**Task objective**
Give back an exact copy of the listing that follows, without the pictures.
-=-=-=-=-
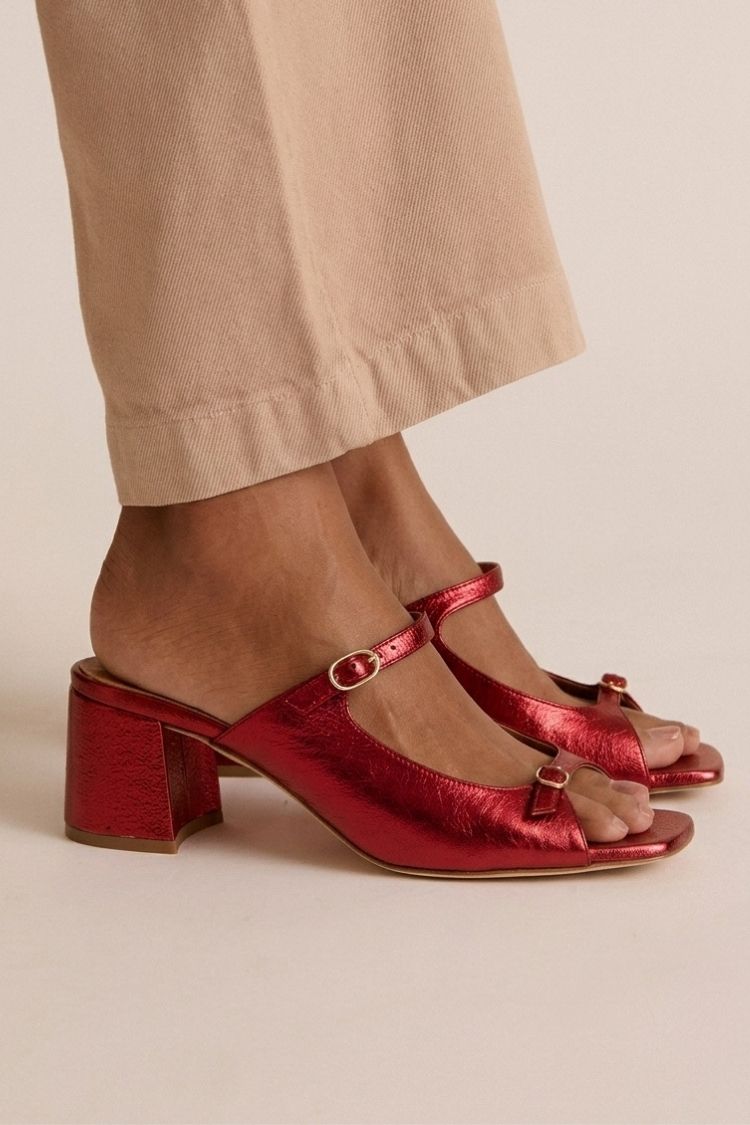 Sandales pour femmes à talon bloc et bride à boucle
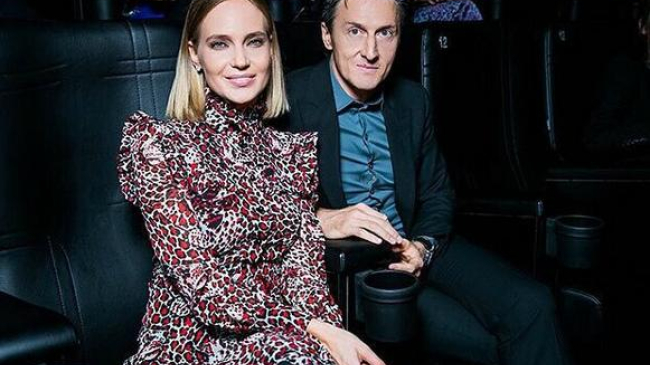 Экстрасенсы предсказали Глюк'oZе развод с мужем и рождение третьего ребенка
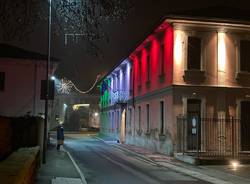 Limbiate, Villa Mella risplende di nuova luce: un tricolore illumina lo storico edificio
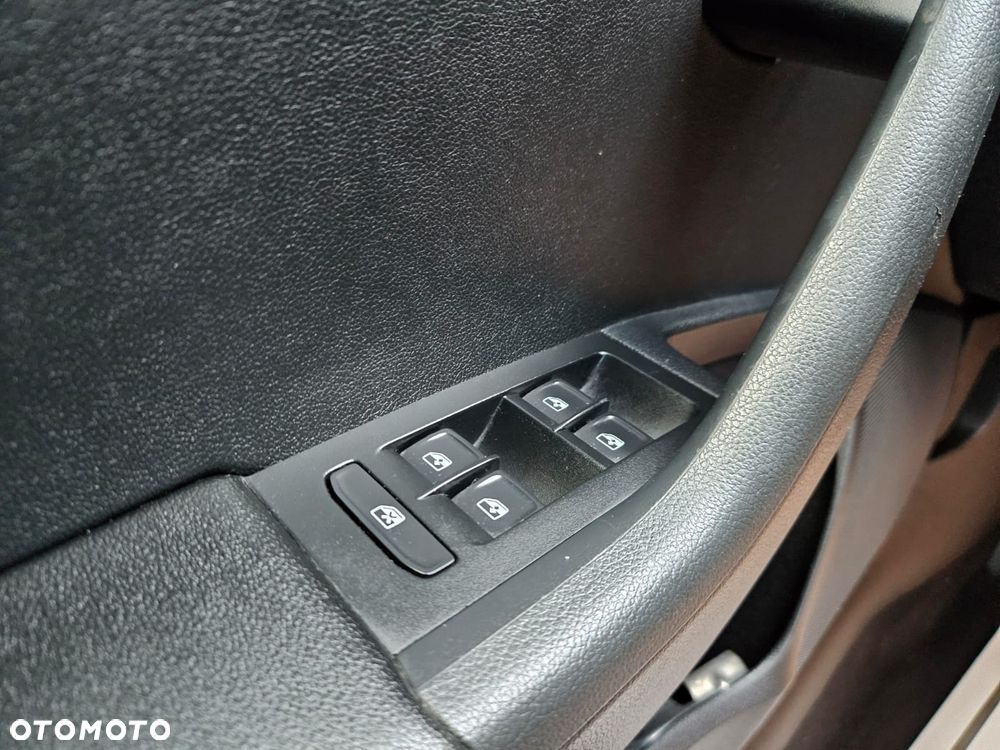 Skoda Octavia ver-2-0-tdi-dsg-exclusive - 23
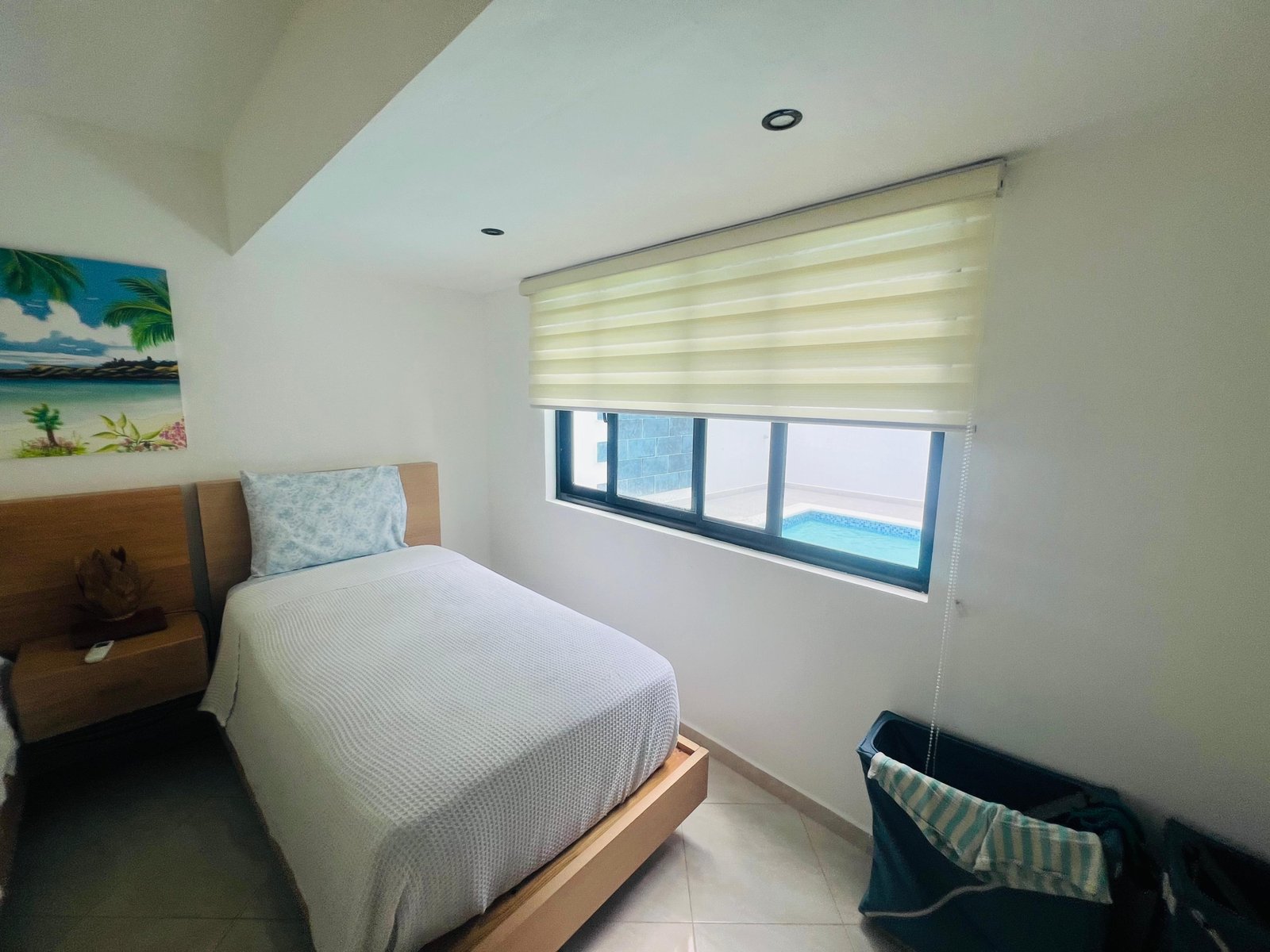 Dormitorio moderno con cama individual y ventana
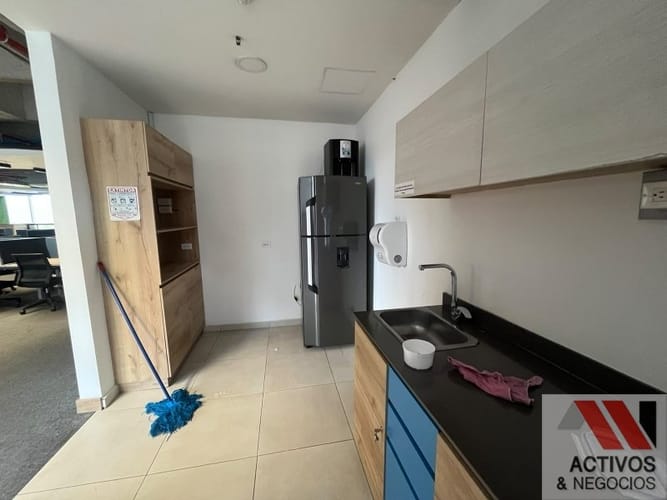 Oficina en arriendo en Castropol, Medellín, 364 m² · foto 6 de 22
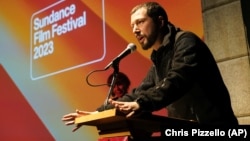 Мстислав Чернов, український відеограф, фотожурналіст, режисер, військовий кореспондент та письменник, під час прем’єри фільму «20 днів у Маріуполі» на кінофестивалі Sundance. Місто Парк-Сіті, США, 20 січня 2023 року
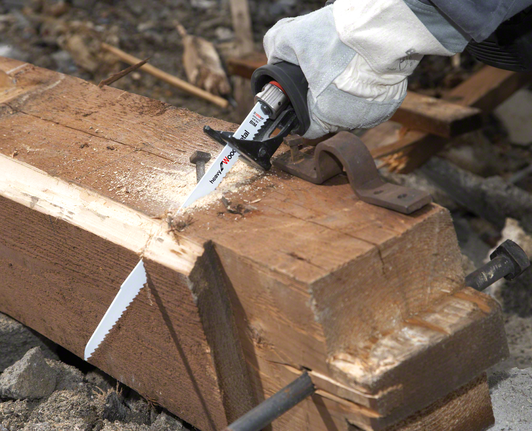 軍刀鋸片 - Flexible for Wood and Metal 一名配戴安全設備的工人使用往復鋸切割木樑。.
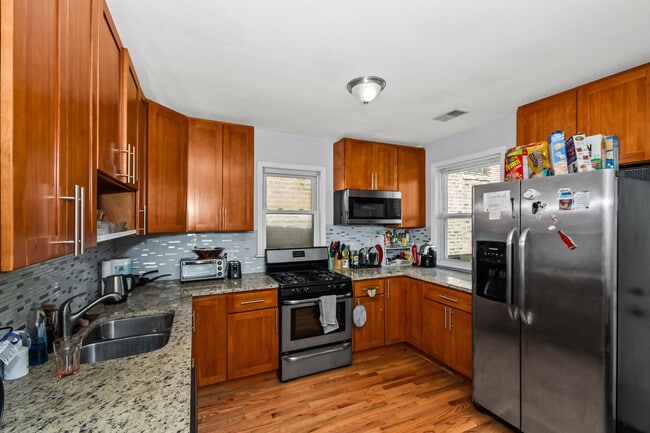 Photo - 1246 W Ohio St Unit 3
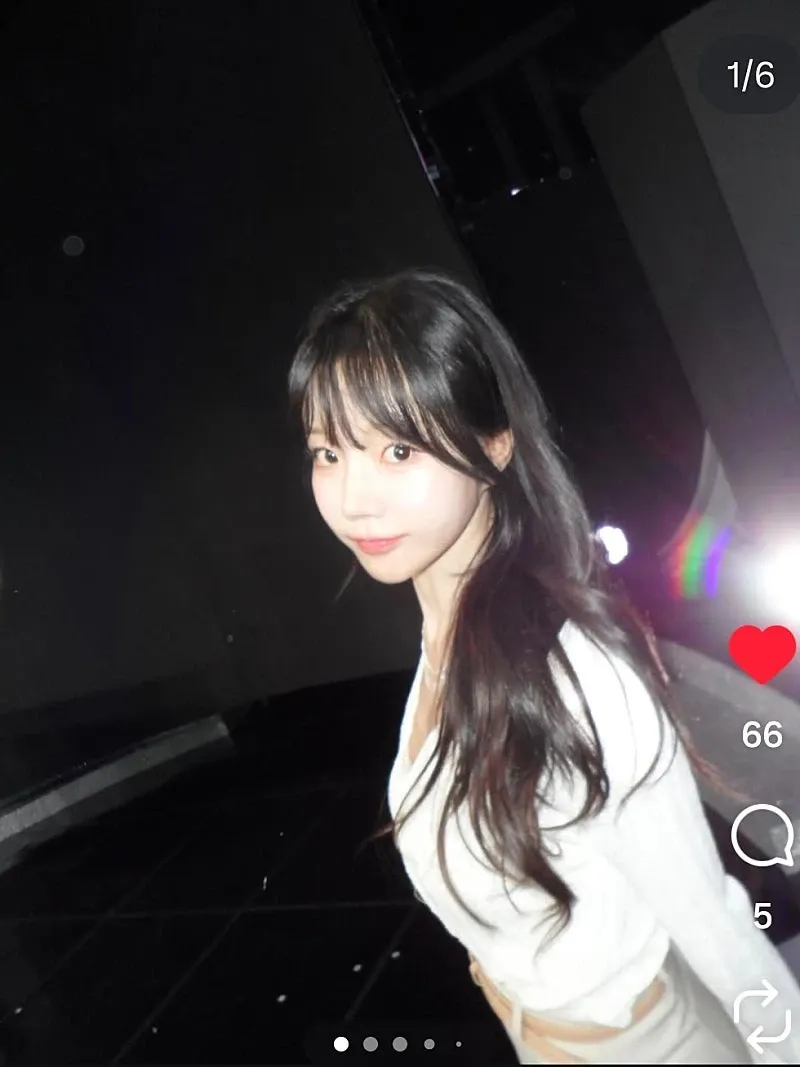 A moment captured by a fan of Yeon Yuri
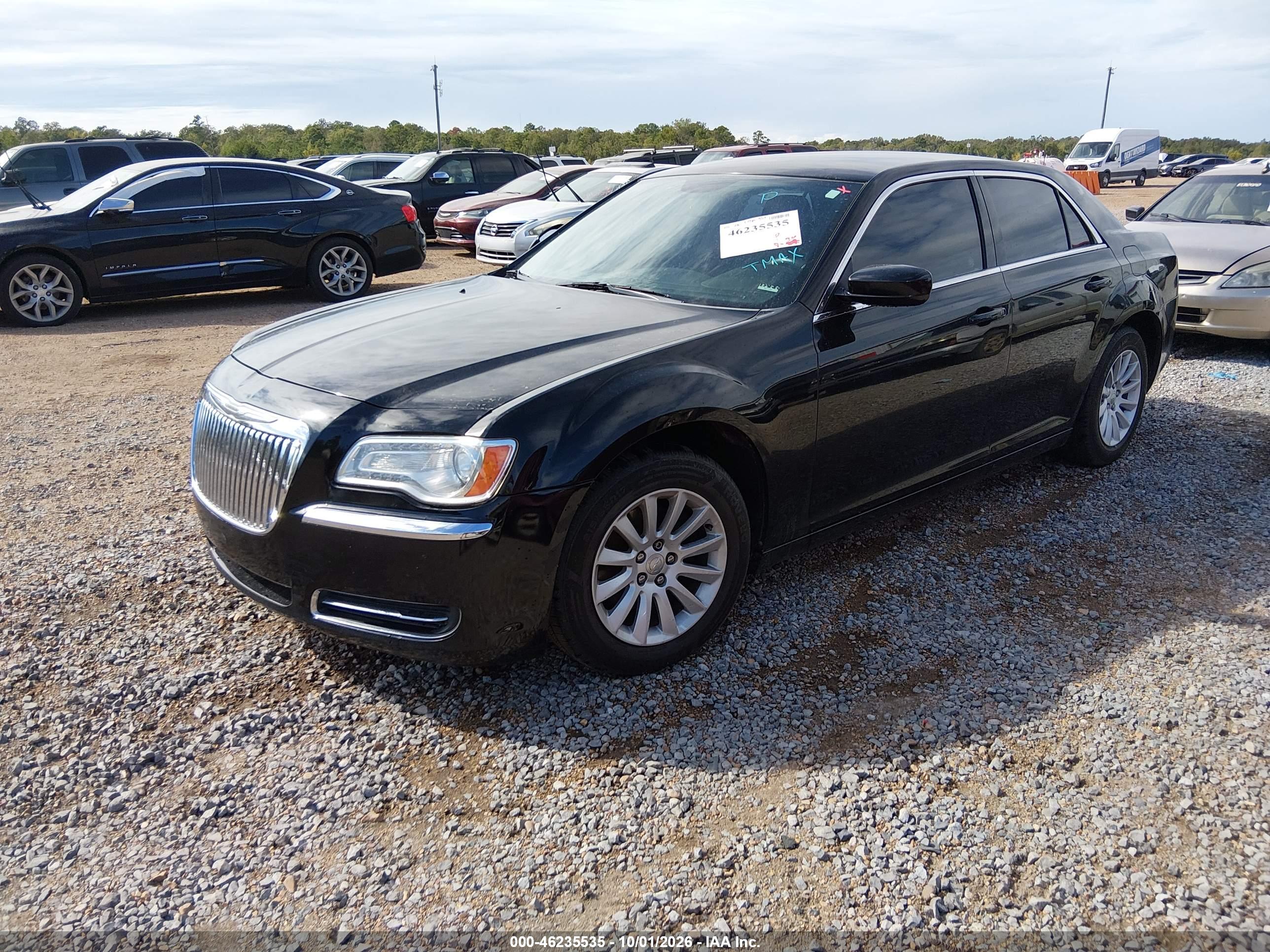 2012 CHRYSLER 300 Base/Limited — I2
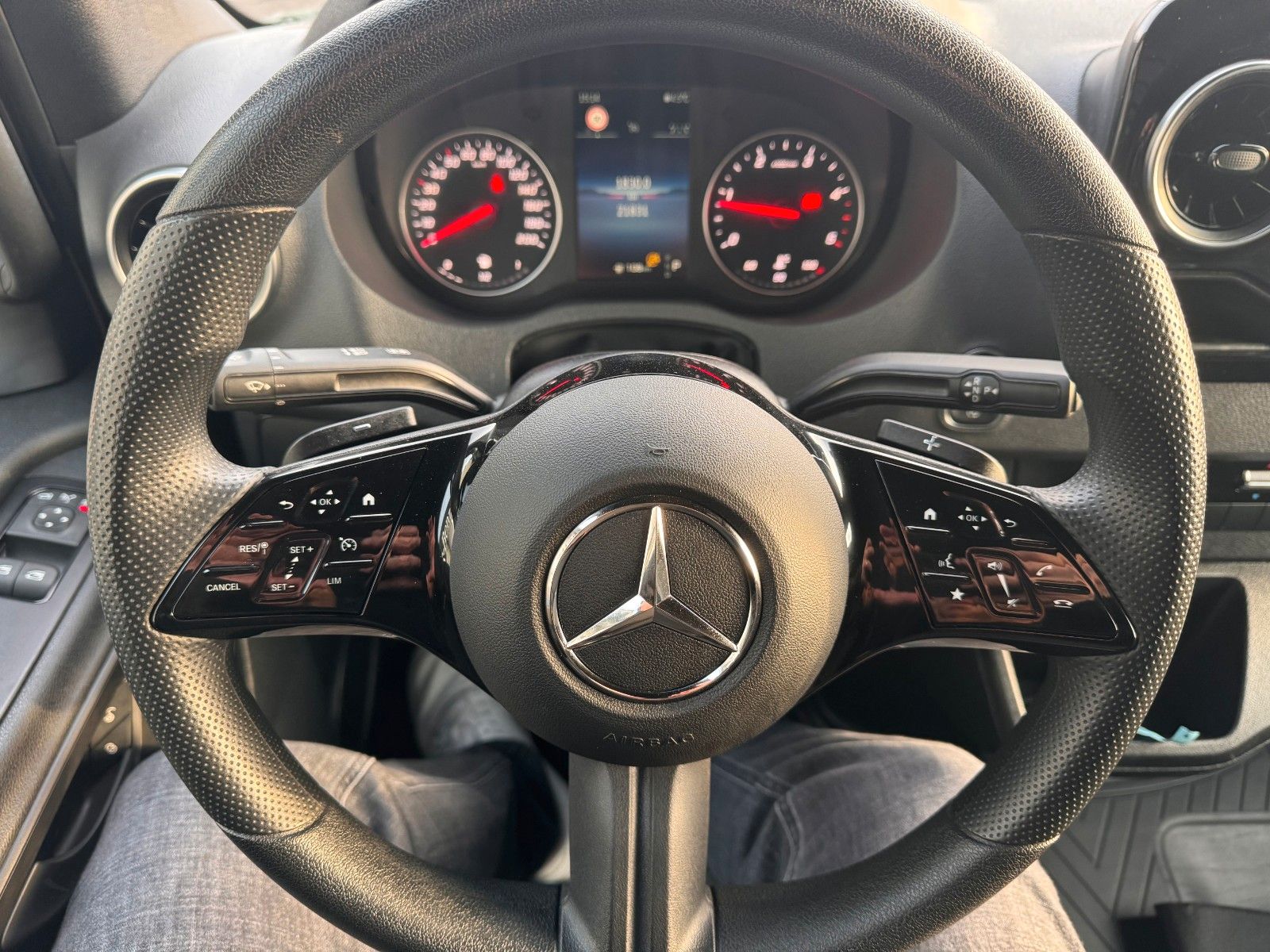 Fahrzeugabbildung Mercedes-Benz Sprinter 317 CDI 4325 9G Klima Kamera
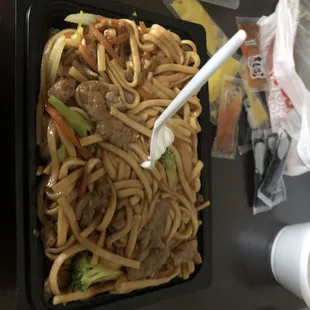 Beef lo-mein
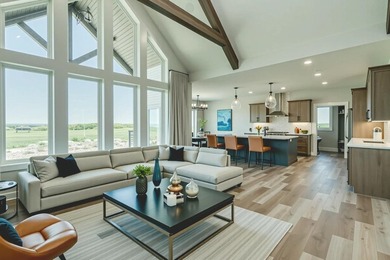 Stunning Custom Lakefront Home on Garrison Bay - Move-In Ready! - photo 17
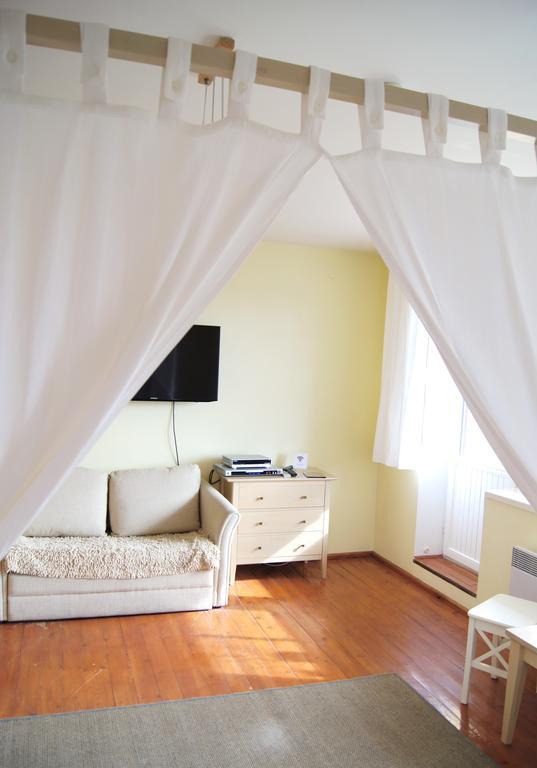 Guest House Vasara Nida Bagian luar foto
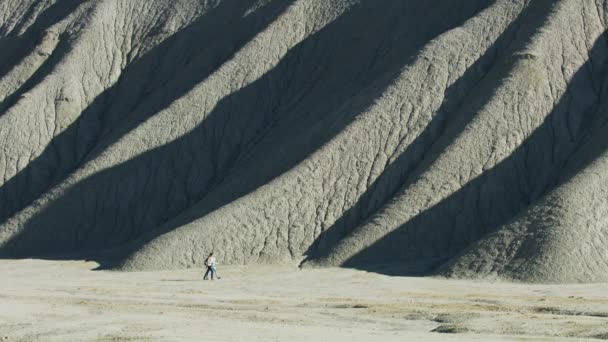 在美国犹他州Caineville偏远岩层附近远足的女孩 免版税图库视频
-=-=-=-=-
**Exercise response**
 Sandales pour femmes à talon bloc et bride à boucle
 Экстрасенсы предсказали Глюк'oZе развод с мужем и рождение третьего ребенка
 Limbiate, Villa Mella risplende di nuova luce: un tricolore illumina lo storico edificio
 Skoda Octavia ver-2-0-tdi-dsg-exclusive - 23
 Dormitorio moderno con cama individual y ventana
 Oficina en arriendo en Castropol, Medellín, 364 m² · foto 6 de 22
 Мстислав Чернов, український відеограф, фотожурналіст, режисер, військовий кореспондент та письменник, під час прем’єри фільму «20 днів у Маріуполі» на кінофестивалі Sundance. Місто Парк-Сіті, США, 20 січня 2023 року
 軍刀鋸片 - Flexible for Wood and Metal 一名配戴安全設備的工人使用往復鋸切割木樑。.
 Photo - 1246 W Ohio St Unit 3
 A moment captured by a fan of Yeon Yuri
 2012 CHRYSLER 300 Base/Limited — I2
 Fahrzeugabbildung Mercedes-Benz Sprinter 317 CDI 4325 9G Klima Kamera
 Beef lo-mein
 Stunning Custom Lakefront Home on Garrison Bay - Move-In Ready! - photo 17
 Guest House Vasara Nida Bagian luar foto
 在美国犹他州Caineville偏远岩层附近远足的女孩 免版税图库视频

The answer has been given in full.